The archival footage from a court action against leading scientists in the Soviet Union of 1930 has been reconfigured into a narrative drama, which leads today‘s audience to believe the opposite of contemporary spectators.

If you google the trial against the Industrial Party in 1930, you will basically find two kind of results: those that explain how innocent scientists were made the scapegoats of a failed economic policy in Stalin’s Soviet Union, and those that explain how a treason against the Soviet State was uncovered, and how those colliding with foreign interests in bringing down the socialist project were punished for their crimes.

Now, the archival footage from the 11-day-long trial (later grouped under the category of Stalinist ’show trials’), has been edited and compiled into a two-hour-long narrative, with the film description kindly navigating our perspective from the outset:  « The drama is real, the story is fake ». One can wonder what the point is, and what the difference between a so-called ‘show trial’ and archival disaster tourism really is.

The audience in the 1930 court room was brought there to receive ideological training, and contribute in the Soviet State’s righteous anger towards the accused. As a contemporary spectator to Sergei Loznitsa’s film The Trial, one can get a similar feeling: Now that history has established its verdict, not so much by inquiry or analysis, as by the course of events – capitalism’s victory over state socialism – we are invited to take part in the thrill of past injustices committed by a system no-one in their right mind defends any longer.

Prosecuted

The Chairman of the USSR Supreme Court that cross-examined the group of scientists accused of economic sabotage was Andrei Vyshinsky; a skinny, long-faced man with a self-satisfied expression. He later became known not only for his role in the Moscow Trials, but also for his role as Soviet Foreign Minister until 1953. Not everyone who led the prosecution escaped it themselves in the end, but Vyshinsky did.

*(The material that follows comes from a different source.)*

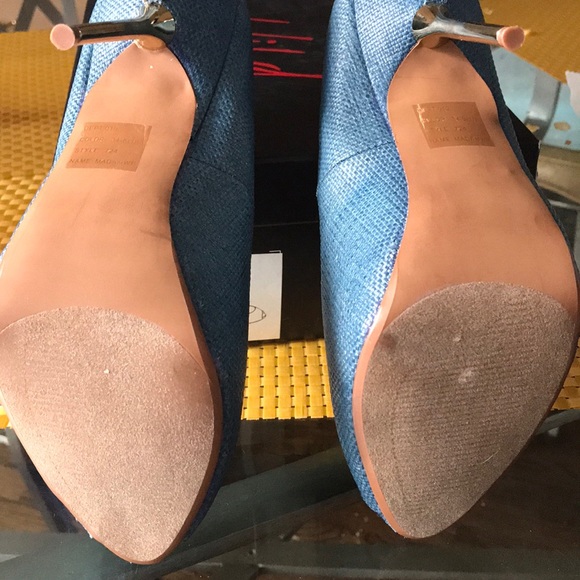 Wild Pair Pumps! Textured blue with metal heel! - Picture 6 of 6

The defendants were leading scientists:  Ramzin, Kallinikov, Larichev, Charnovsky, Fedotov, Kupriyanov, Ochkin, and Sitnin, who had been holding key positions in research and political planning institutions. They were accused of having misused their roles to deliberately sabotage the economic development of the Soviet Union; to have purposefully hampered public transport operations in military, textile, and shipbuilding industries (along with agriculture and other sectors of economy), all with the encouragement and financial support from Russian capitalist emigrants and foreign governments, not least the French.